Its call is described as a series of 2 to 9 repetitive mournful notes. It also has a single note alarm call.

This species is monotypic.

== Ecology and behavior ==
Has been recorded feeding on small beetles and earth worms. There is a feeding station for this species in Mount Banahaw which is fed earthworms and mealworms. It forages on the ground, and seemingly shows a preference of moist ground. It often seen in areas where wild boar have disturbed the soil. It has been recorded on the migration funnel in Dalton Pass which possibly suggests intra-island migration or post-breeding dispersal.
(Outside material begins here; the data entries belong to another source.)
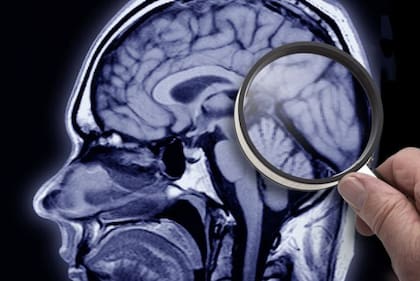 Los investigadores de la Universidad de Oxford compararon los factores de riesgo modificables de demencia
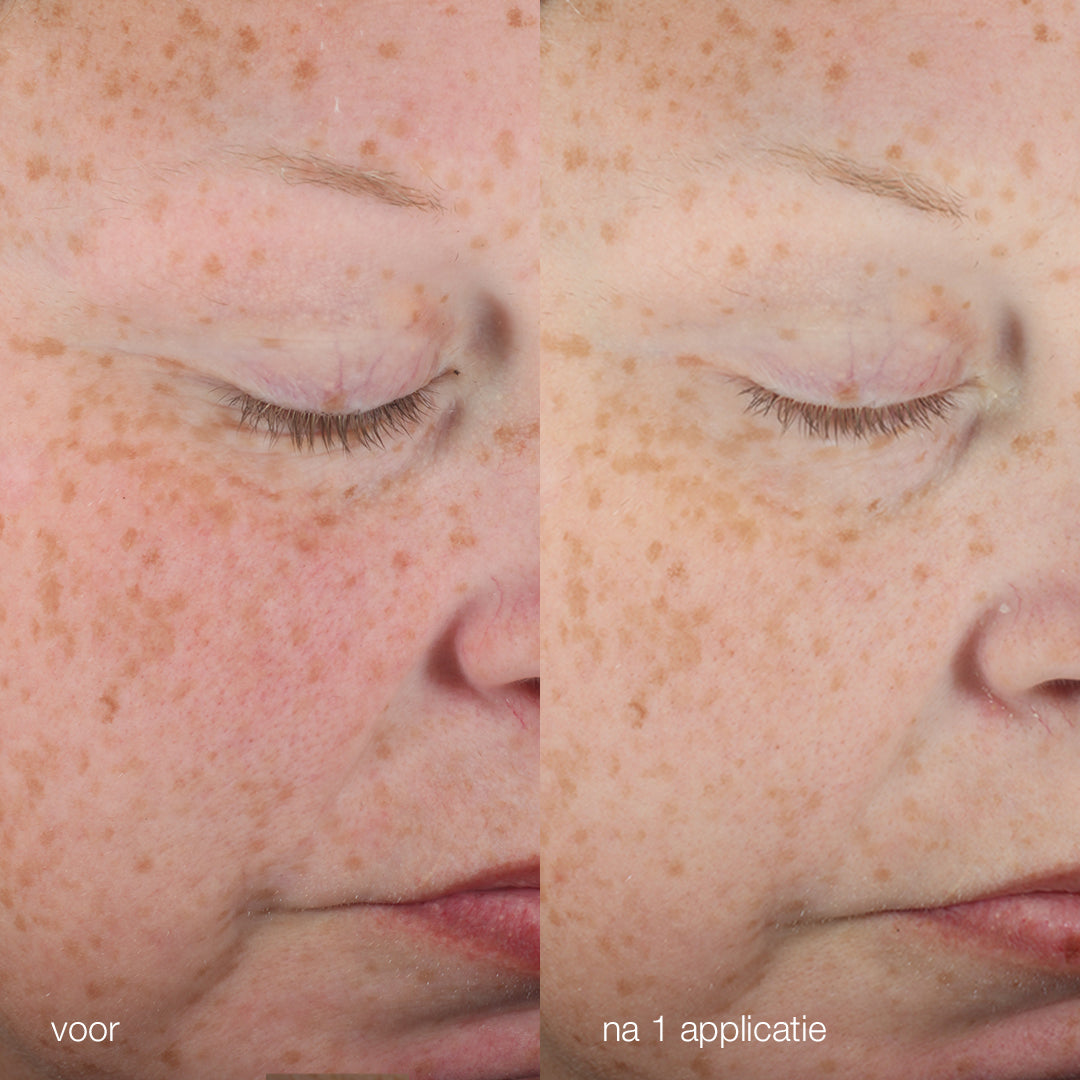 Biolumin-C Heat Aging Protector SPF50 - voor en na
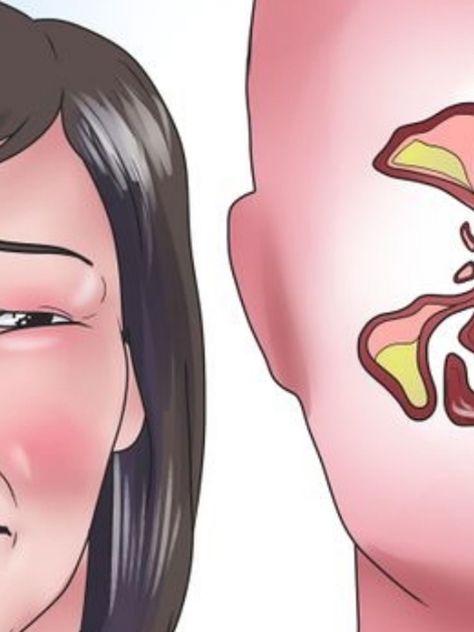 Stop Nose Bleeds, Clear Sinuses, Parts Of The Nose, How To Clear Sinuses, Clear Nose, Coconut Health, Nose Picking, Natural Remedies For Migraines, Reflux Diet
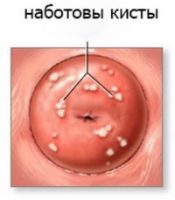 Чи небезпечна кіста шийки матки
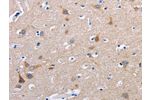 The image on the left is immunohistochemistry of paraffin-embedded Human brain tissue using CSB-PA955751(FN1 Antibody) at dilution 1/50, on the right is treated with fusion protein. (Original magnification: 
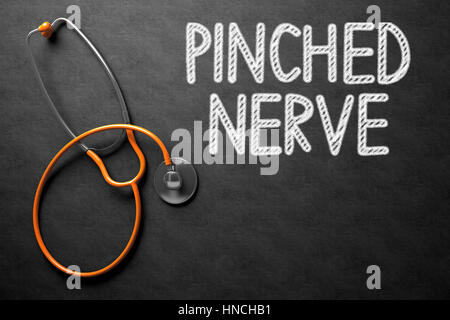 Lavagna con pizzicato concetto del nervo. 3D'illustrazione. Foto Stock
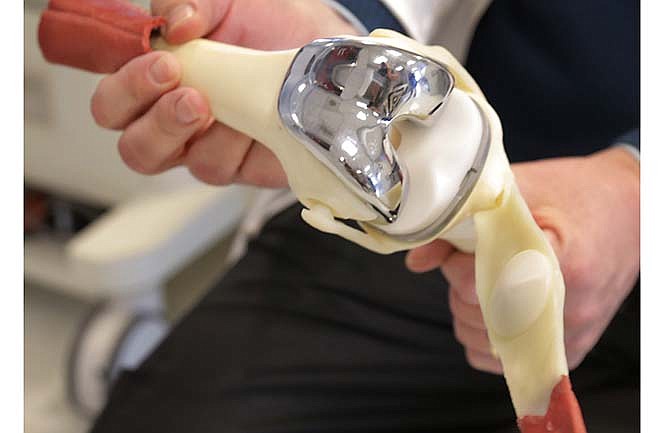 In this Wednesday, March 5, 2014 file photo, a doctor holds a model of a tri-compartmental total knee replacement in Chicago. In a commentary by published by the New England Journal of Medicine on Wednesday, Oct. 21, 2015, Dr. Jeffrey Katz, a joint specialist at Brigham and Women's Hospital in Boston, says people with knees worn out by arthritis will get more pain relief from joint replacement surgery, but it has more risks and there's a good chance that less drastic approaches also would help. That's the bottom line from the first study to strictly test other treatments against knee replacement, an operation done hundreds of thousands of times a year in the U.S. 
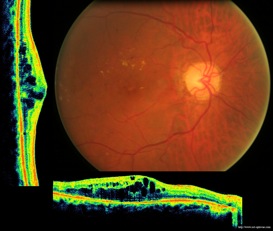 diabete diabetic retinopathy retinopathie oct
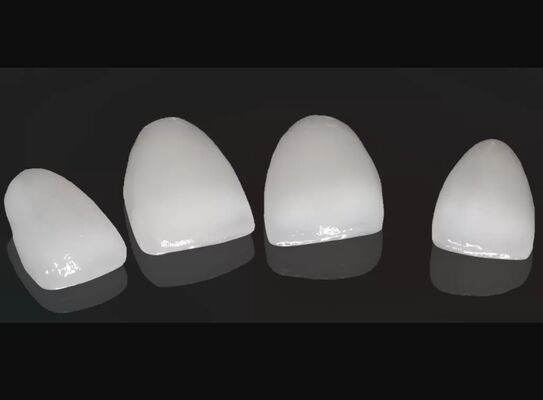 kupować Wysoka estetyka kompozytowa korona Onlay Veneer Dostosowywalny rozmiar online manufacture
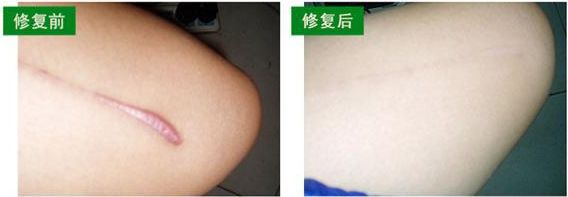 上海微創(chuàng)除皺哪家醫(yī)院好？了解上海微創(chuàng)除皺治療的專(zhuān)業(yè)醫(yī)院推薦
Barely anything is known about its breeding habits. It is most vocal from February to June but immature birds have been seen as early as January. Nests seen around 1 meter above ground made of dead twigs, recorded nest contained 2 chicks.

== Habitat and conservation status ==
It chiefly inhabits montane forest, tolerating degraded and selectively logged areas. Records span a wide altitudinal range of 360 to 2,200 m. However, the highest densities found at 900-1,500 m where it typically breeds. It appears to prefer closed-canopy, primary montane, oak dominated forest, frequently on steep slopes. Its movements are poorly understood. Records from south Luzon (which may refer to wintering individuals) suggest that there is some intra-island migration.

IUCN has assessed this bird as Least Concern. This species' main threat is habitat loss with wholesale clearance of forest habitats as a result of logging, agricultural conversion and mining activities occurring within the range. It is also threatened by hunting in snare traps.

It occurs in a number of protected areas, including the Northern Sierra Madre Natural Park, Mount Pulag Natural Park, Mt. Isarog, Mount Data, Mounts Banahaw–San Cristobal Protected Landscape, Angat Watershed Forest Reserve and Aurora Memorial National Park. It is also listed as CITES Appendix I.